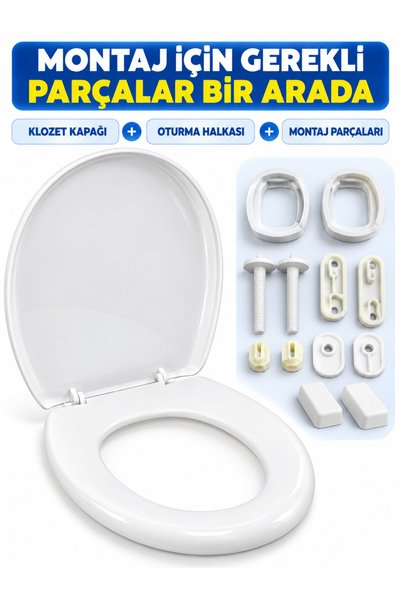 Janissary Beyaz Klozet Kapağı ve Oturma Halkası – Montaj Aparatlı WC Kapağı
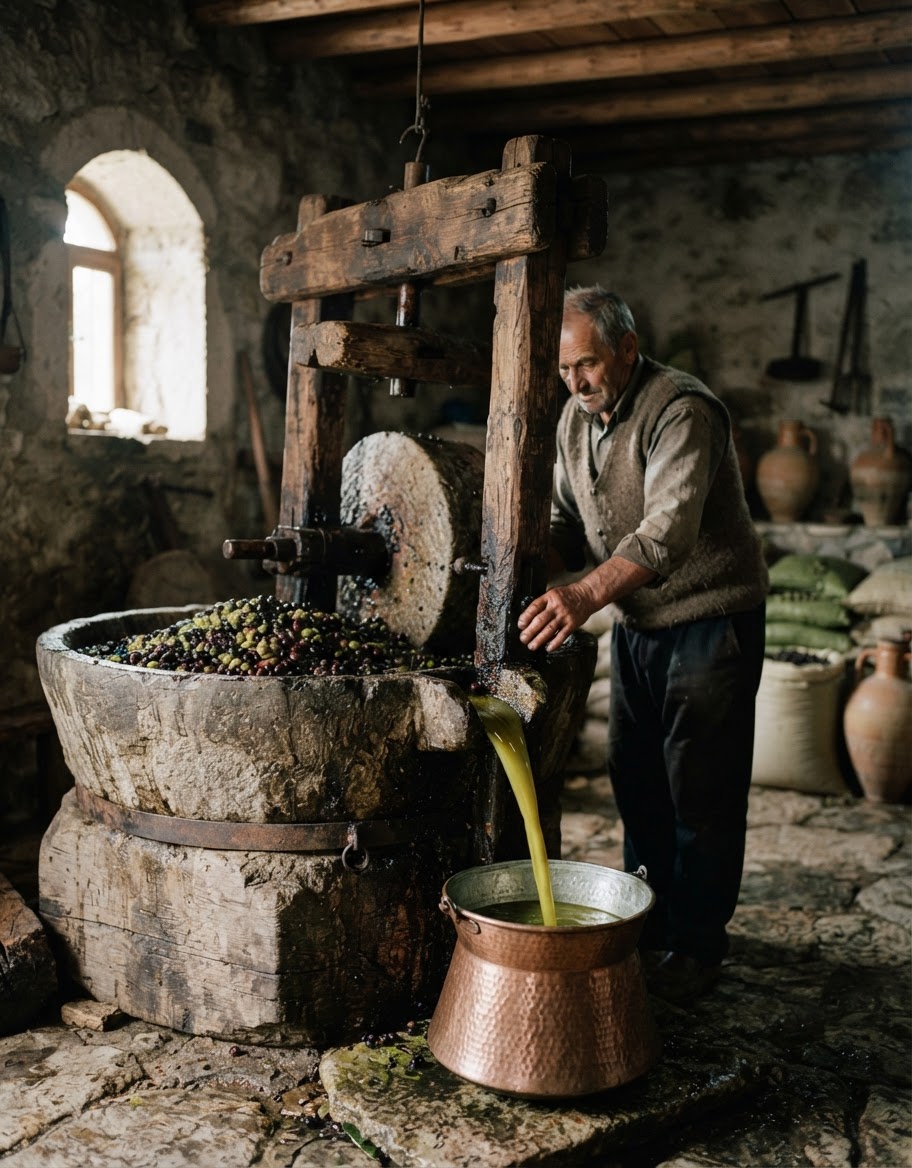 Një shtypëse tradicionale ullinjsh, simbol i prodhimit vendas të vajit të ullirit në Shqipëri.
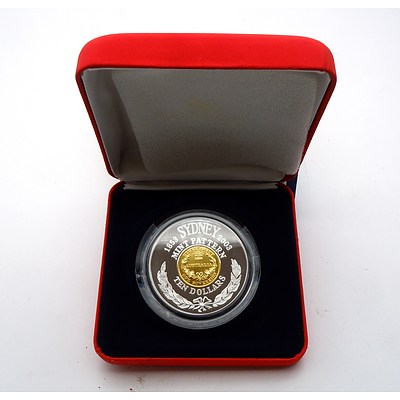 RAM Sydney Mint Pattern 150 Years .999 Silver and 24ct Gold Plated $10 Coin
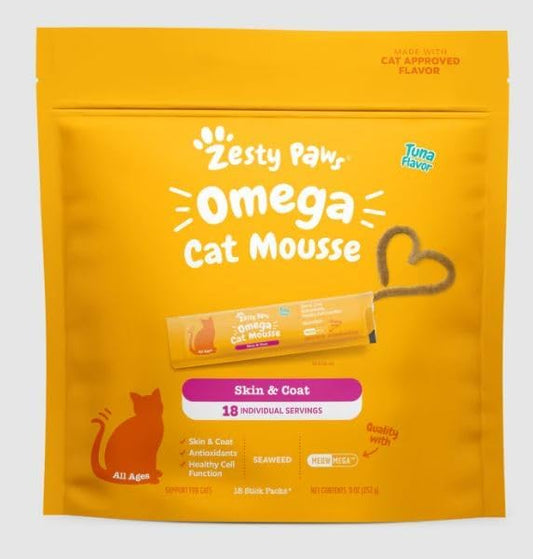 Zesty Paws Omega Cat Mousse Squeezable Cat Treats - with Seaweed, Omega Fatty Acids, Antioxidants Vitamins & Minerals - Skin & Coat Support for Cats - Tuna Fish Flavor - 18 Count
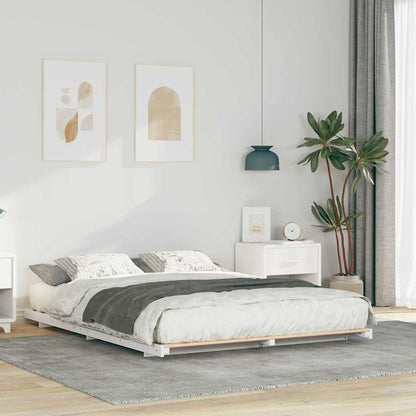 Bed Frame Solid Pine Wood White Length 200 cm 140 cm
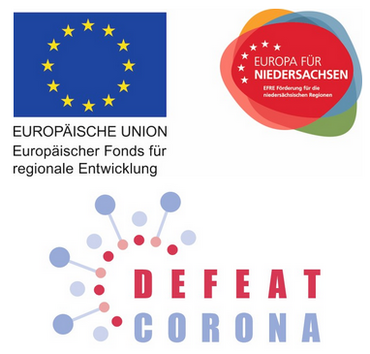 Logo "Defeat Corona" und Logo EU Sozialfond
--------------------------------
■ **WHAT IS BEING ASKED**:
Copy nothing but the lines from the first one in the listing through the line with "RAM Sydney Mint", and omit the pictures.

■ **RESULT FOR THIS TASK**:
 Janissary Beyaz Klozet Kapağı ve Oturma Halkası – Montaj Aparatlı WC Kapağı
 Një shtypëse tradicionale ullinjsh, simbol i prodhimit vendas të vajit të ullirit në Shqipëri.
 RAM Sydney Mint Pattern 150 Years .999 Silver and 24ct Gold Plated $10 Coin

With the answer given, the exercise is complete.